Rare Blue Diamonds May Hold Earth’s Deepest Secret
The Hope Diamond, a rare Blue diamond that is 1 of the world’s most famous gems, has had a complicated history, passing through the hands of Monarchs and Bankers and heiresses and thieves before coming for all to see at the Washington museum.
The geological history of blue diamonds is even more complex, according to research published on Wednesday examining these exceptionally scarce and valuable gems.
Scientists analyzed 46 blue diamonds, including one from South Africa that sold for $25-M in Y 2016, and determined that they can form at depths of at least 410 miles (660 km), reaching into a part of the Earth’s interior called the lower mantle. Tiny mineral fragments trapped inside them provided clues about the birthplace of the diamonds.
Blue diamonds comprise only about 0.02% of mined diamonds, but include some of the world’s most famous gem stones.
Diamonds are a crystalline form of pure carbon, forming under enormous heat and pressure.
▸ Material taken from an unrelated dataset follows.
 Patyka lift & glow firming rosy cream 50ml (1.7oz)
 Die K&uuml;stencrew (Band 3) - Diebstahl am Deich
Blue diamonds crystallize alongside water-bearing minerals that long ago were part of the seafloor but were shoved to great depths during the inexorable movement of the immense tectonic plates that shape Earth’s surface, the researchers said.
Scientists already knew these diamonds acquired their Blue hue from the element boron. This study indicated this boron once had been in ocean water and was incorporated into the seafloor rock that over millions of years moved deep underground.
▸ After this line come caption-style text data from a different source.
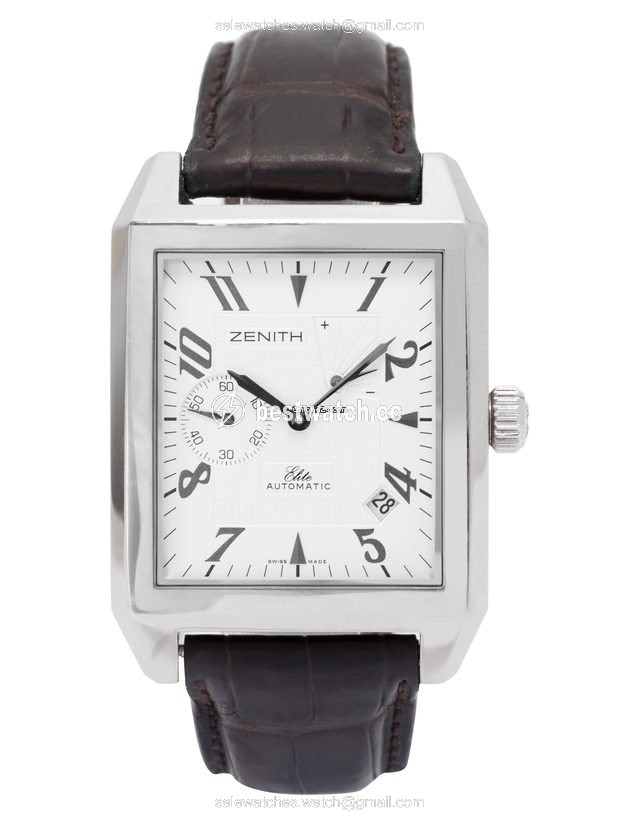 IMG_9085 Zenith Port Royal Mens watch Unisex Automatic Steel 03.0550.685-01.C507 Replica 2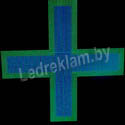 led аптечный крест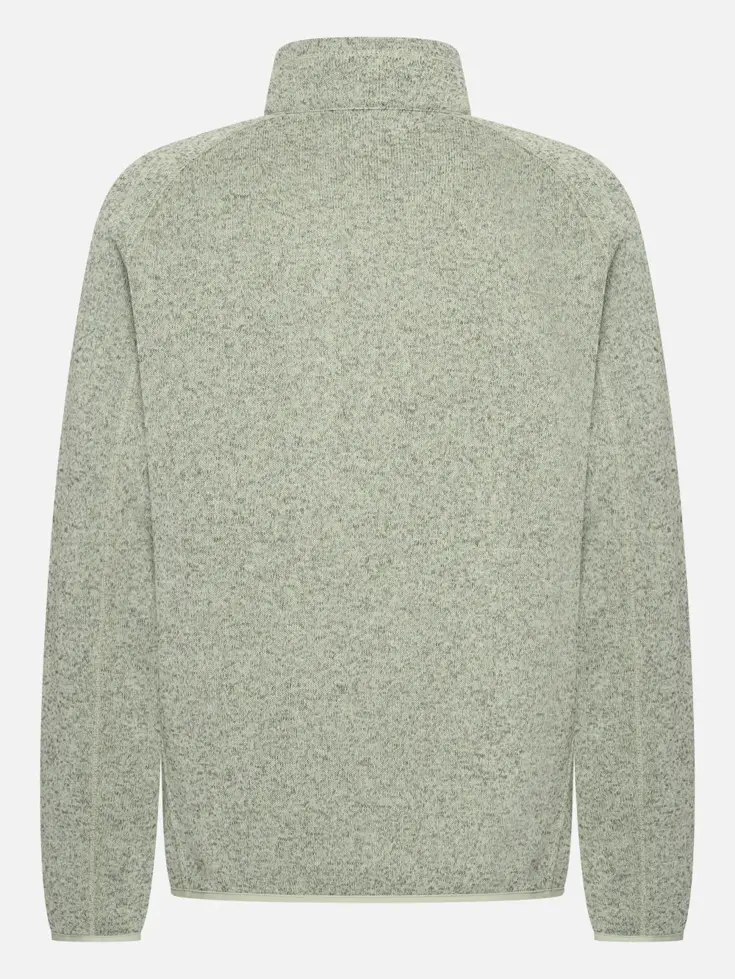 Carba - Fleecetrui heren - Human Nature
“This is the first time anyone has come up with a fact-based story or model for how blue diamonds form. Prior to this study we had no idea where they form, what kinds of host-rocks they form in, or where they might be getting their boron from,” said Gemological Institute of America research scientist Evan Smith, who led the study published in the journal Nature.
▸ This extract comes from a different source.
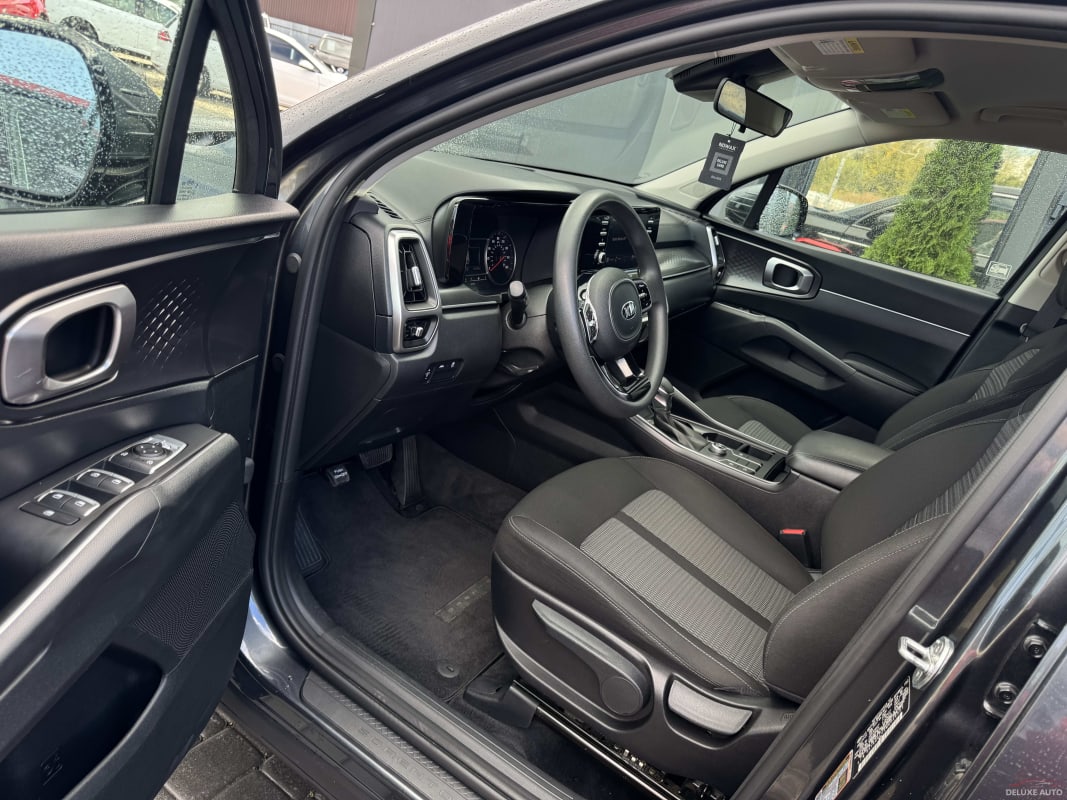 Kia Sorento - фото 8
Most diamonds are not completely colorless, often possessing slight yellowish tints. Although rare, some even have prominent hues of, for example, Yellow, Brown, Pink or Green. About 99% of all diamonds form roughly 90 to 125 miles (150-200 km) underground, shallower depths than the Blues.
Aside from the Hope Diamond, on display at the Smithsonian National Museum of Natural History, another Blue diamond called the Oppenheimer Blue (pictured above) in Y 2016 sold for $57.5-M, at the time the highest auction price for any gem stone ever.
“These diamonds are among the deepest ever found,” Carnegie Institution for Science geochemist Steven Shirey said of the blue diamonds.